Thursday 2 February 2017

Black Matter

People talk about the hole that's left when you lose a loved one.

It's not a hole, a hole suggests a nothingness.  What remains in me is something that contains its own gravity. Something so all encompassing it pulls at everything else, nothing is untouched by this dark matter. It's more a black hole; a heavy, powerful, swirling void that churns away inside trying to destabilise my grasp on life. 

It grows and shrinks of its own accord snagging at the torn edges of my true colour. Often the dark looks so comfortable I want to give in and let it take over, enveloping me in a blanket of black velvet. But a black hole isn't peaceful, it wouldn't provide me with the restful escape it seems to promise. I have to run to the light, so it's important I keep recognising who and what shines a light for me. The brighter the light the less power the black matter. 


Sometimes I feel like one of those wobble toys and the dark matter is the weight in my core, something keeps knocking me sideways but for now I rock back up again. 

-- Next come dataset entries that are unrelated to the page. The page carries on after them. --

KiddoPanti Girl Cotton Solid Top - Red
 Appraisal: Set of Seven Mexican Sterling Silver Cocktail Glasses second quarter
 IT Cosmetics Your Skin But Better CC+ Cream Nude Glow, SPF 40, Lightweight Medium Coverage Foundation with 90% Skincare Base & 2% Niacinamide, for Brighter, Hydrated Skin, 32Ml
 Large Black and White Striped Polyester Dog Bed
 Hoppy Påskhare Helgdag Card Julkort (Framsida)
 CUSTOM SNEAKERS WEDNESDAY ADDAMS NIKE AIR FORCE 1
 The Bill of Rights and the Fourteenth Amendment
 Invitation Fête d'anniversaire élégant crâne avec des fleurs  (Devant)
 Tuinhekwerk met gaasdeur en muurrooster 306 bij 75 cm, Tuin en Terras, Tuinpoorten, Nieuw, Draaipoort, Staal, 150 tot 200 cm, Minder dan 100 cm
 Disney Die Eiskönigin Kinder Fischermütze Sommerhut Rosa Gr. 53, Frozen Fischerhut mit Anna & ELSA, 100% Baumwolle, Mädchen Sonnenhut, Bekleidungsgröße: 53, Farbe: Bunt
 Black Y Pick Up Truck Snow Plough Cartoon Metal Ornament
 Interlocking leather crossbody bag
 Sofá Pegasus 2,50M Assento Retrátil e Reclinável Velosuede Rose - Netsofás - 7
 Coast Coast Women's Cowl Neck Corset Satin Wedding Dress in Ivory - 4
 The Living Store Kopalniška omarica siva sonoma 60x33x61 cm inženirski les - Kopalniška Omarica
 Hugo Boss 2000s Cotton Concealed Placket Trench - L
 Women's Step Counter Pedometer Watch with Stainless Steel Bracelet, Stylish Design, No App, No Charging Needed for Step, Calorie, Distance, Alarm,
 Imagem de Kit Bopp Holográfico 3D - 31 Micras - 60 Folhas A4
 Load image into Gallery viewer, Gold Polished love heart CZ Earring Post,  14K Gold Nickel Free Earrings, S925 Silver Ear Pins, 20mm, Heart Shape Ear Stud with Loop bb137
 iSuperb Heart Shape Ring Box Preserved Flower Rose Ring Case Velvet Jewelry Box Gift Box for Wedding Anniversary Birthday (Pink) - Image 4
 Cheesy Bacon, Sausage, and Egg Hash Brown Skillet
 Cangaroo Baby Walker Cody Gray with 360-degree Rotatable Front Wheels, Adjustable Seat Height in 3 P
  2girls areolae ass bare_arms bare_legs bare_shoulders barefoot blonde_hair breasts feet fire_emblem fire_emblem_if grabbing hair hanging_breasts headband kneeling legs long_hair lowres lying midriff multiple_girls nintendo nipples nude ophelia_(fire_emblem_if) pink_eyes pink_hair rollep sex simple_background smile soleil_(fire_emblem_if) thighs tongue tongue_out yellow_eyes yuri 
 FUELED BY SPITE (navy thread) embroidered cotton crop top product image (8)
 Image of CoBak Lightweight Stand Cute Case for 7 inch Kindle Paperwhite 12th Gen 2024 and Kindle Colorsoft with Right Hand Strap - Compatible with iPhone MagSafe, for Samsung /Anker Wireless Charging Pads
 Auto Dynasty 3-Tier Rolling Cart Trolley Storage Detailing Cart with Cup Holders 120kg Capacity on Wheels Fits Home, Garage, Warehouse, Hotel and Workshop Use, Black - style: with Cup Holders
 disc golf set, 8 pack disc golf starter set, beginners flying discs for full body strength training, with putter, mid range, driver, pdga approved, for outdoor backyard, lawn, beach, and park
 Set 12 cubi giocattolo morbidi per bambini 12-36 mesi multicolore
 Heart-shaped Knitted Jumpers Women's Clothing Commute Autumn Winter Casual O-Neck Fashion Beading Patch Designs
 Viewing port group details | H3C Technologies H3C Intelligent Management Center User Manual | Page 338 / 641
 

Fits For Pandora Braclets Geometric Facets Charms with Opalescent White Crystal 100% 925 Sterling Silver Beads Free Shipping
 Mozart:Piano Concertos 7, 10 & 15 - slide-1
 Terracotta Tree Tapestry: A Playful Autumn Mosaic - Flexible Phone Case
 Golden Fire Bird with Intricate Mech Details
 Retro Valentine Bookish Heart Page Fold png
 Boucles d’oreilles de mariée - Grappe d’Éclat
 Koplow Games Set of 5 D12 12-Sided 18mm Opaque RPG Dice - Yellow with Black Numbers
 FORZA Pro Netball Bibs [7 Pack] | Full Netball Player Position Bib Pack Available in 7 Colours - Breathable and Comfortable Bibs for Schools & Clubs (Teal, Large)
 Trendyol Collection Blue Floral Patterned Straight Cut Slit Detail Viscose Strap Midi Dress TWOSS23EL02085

I know given time I will have more control over the dark matter, squashing it into a recess, but it will always be there, spinning with an unstoppable force waiting for an opportunity to spill out into my universe.

I have to recognise it for what it is - I can't pretend it's not there - but it is only me. I know it can't be the hole left by José because my husband was a positive force. I must stay positive to honour his memory.